Follow-up report, Thursday, May 30th: The Seattle Times posted an article about issues discussed at this meeting: #mce_temp_url#
On Wednesday, May 29th, there will be an important meeting to ask questions about clean-up of radioactive contamination at Magnuson Park. There will be an Open House beginning at 5 PM when you may submit questions, with the meeting and response to questions beginning at 7 PM. The meeting will be at The Mountaineers (7700 Sand Point Way NE – turn left after entering the main gate.)

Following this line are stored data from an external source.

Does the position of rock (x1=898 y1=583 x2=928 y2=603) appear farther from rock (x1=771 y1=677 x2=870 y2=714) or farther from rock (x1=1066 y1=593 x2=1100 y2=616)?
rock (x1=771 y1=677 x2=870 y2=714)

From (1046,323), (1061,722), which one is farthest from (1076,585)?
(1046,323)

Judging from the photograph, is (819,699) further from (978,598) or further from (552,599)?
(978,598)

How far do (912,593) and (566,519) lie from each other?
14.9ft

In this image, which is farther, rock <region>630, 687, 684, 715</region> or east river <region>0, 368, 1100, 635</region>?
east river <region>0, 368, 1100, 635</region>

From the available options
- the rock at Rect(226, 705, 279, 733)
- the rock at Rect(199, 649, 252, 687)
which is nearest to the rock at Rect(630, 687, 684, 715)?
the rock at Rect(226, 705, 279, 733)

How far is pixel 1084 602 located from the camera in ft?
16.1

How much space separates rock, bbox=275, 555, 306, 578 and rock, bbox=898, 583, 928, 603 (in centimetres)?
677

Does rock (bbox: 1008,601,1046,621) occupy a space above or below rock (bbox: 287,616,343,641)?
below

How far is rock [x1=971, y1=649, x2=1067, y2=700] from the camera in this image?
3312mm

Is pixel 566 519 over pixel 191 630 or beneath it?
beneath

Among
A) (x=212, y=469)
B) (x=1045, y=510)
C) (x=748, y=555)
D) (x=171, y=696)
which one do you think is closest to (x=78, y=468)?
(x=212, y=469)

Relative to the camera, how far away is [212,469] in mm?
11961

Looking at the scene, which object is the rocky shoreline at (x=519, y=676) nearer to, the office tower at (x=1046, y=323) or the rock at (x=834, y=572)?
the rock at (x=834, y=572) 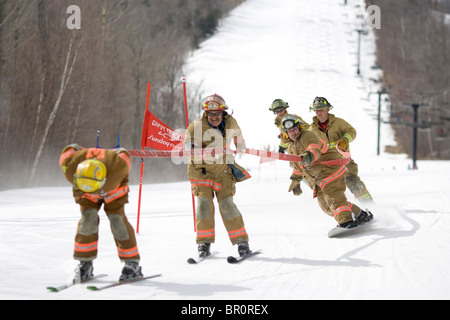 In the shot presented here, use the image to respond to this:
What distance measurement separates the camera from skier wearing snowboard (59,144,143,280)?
5145 mm

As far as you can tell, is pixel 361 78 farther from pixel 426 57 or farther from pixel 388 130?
pixel 388 130

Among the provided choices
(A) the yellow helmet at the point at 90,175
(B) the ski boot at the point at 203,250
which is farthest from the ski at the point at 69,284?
(B) the ski boot at the point at 203,250

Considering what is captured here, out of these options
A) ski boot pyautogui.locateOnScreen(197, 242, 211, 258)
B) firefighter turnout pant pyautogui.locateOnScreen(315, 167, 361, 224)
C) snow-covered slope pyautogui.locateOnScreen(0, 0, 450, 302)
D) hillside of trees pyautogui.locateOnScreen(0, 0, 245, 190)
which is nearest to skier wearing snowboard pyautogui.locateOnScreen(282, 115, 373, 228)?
firefighter turnout pant pyautogui.locateOnScreen(315, 167, 361, 224)

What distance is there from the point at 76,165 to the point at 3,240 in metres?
3.33

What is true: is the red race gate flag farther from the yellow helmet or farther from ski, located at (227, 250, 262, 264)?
the yellow helmet

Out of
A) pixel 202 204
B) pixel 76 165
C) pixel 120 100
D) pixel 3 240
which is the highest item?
pixel 120 100

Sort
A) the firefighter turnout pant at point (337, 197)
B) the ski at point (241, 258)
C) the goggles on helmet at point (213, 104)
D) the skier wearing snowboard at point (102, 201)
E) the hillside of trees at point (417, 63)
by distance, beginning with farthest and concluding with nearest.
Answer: the hillside of trees at point (417, 63) < the firefighter turnout pant at point (337, 197) < the goggles on helmet at point (213, 104) < the ski at point (241, 258) < the skier wearing snowboard at point (102, 201)

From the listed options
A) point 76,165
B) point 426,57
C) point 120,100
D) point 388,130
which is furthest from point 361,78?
point 76,165

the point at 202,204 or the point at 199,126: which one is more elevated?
the point at 199,126

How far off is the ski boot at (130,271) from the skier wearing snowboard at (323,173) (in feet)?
9.37

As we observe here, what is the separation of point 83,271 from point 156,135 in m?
3.95

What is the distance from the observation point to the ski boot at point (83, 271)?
5285 millimetres

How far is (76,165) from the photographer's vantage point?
5176mm

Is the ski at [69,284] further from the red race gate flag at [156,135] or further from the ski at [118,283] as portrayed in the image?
the red race gate flag at [156,135] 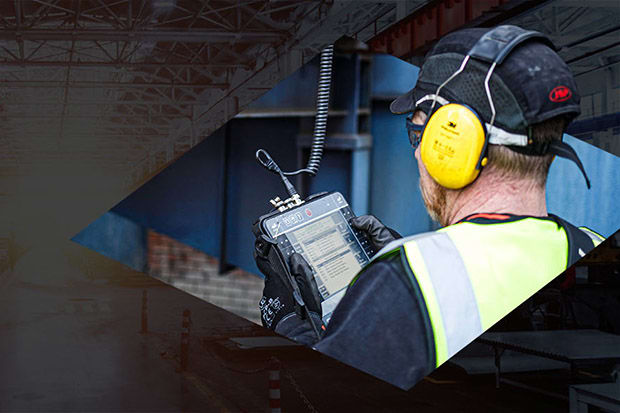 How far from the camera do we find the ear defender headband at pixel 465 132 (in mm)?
903

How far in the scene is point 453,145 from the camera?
3.16 ft

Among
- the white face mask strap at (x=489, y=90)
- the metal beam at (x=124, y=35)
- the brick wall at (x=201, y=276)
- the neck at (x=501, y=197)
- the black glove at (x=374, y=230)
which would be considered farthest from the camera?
the metal beam at (x=124, y=35)

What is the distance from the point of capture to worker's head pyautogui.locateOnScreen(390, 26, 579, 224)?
2.96ft

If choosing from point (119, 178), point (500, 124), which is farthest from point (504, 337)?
point (119, 178)

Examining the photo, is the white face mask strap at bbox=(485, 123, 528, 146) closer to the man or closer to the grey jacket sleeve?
the man

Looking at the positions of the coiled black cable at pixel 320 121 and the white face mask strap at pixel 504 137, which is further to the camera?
the coiled black cable at pixel 320 121

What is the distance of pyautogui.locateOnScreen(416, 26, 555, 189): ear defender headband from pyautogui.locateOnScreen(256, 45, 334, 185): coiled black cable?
10.4 inches

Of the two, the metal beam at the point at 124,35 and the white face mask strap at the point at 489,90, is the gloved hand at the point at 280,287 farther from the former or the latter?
the metal beam at the point at 124,35

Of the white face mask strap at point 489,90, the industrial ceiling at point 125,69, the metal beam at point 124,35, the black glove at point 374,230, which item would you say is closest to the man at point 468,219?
the white face mask strap at point 489,90

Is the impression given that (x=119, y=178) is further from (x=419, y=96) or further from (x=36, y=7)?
(x=36, y=7)

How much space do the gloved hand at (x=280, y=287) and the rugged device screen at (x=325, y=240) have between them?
2cm

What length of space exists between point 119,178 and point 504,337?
1219mm

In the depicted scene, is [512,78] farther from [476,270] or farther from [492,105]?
[476,270]

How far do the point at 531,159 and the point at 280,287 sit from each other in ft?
1.61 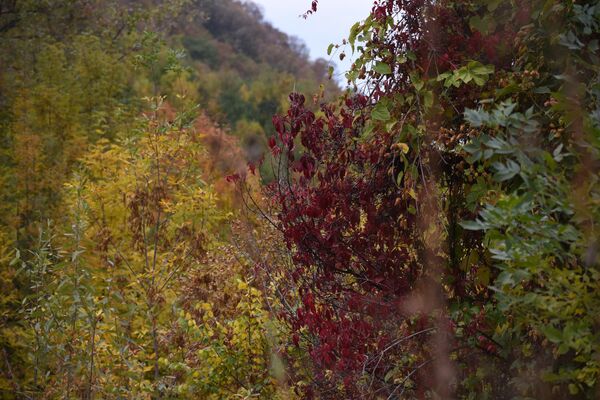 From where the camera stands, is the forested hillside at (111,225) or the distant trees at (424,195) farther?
the forested hillside at (111,225)

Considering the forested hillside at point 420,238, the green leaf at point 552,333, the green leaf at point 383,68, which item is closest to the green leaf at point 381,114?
the forested hillside at point 420,238

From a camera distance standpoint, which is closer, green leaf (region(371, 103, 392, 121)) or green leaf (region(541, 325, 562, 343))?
green leaf (region(541, 325, 562, 343))

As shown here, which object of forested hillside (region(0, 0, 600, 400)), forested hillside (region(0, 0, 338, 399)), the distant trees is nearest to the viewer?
forested hillside (region(0, 0, 600, 400))

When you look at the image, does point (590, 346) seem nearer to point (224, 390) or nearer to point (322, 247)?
point (322, 247)

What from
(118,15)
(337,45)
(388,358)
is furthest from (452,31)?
(118,15)

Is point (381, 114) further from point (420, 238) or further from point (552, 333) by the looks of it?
point (552, 333)

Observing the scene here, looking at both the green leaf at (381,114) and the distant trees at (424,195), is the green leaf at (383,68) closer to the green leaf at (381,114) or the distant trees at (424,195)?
the distant trees at (424,195)

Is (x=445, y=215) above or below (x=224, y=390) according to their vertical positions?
above

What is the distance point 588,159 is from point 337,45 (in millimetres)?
1698

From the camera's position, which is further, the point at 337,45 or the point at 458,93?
the point at 337,45

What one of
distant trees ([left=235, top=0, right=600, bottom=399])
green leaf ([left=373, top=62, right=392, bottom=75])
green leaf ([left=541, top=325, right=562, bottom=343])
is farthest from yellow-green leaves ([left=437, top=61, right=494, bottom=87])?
green leaf ([left=541, top=325, right=562, bottom=343])

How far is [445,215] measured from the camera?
12.6 ft

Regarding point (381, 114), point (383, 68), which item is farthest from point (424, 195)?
point (383, 68)

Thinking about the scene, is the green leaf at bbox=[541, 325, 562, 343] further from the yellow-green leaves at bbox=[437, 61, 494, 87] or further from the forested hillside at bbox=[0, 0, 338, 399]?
the forested hillside at bbox=[0, 0, 338, 399] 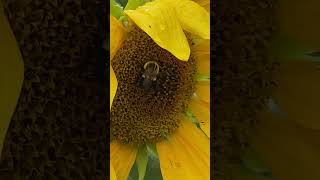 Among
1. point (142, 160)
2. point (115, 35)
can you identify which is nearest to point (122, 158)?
point (142, 160)

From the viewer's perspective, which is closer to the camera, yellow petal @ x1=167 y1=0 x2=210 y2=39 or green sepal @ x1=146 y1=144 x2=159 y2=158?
yellow petal @ x1=167 y1=0 x2=210 y2=39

Contaminated areas include the Arena Sports and Magnuson Athletic Club (Building 27.) Representatives of the Navy, Seattle Parks, and the Washington Department of Ecology will be present at the meeting on Wednesday evening, along with 46th District Representative Gerry Pollet.
Magnuson Park has radioactive contamination in the soils around, and the building attached to, the hangar housing Arena Sports and the Magnuson Park Athletic Club. There is also contamination in and around Building 2, which had been the indoor soccer facility prior to Arena Sports moving. Contamination above safe levels includes radioactive Radium, Strontium and Cesium, in addition to pesticides and lead. The radioactive contamination stems from Navy use of radium paint for dials when the Park was Sand Point Naval Air Station. Contaminated areas include soils around the buildings and under parking areas, and may extend to the Lake Washington shoreline sediments where storm drains discharge.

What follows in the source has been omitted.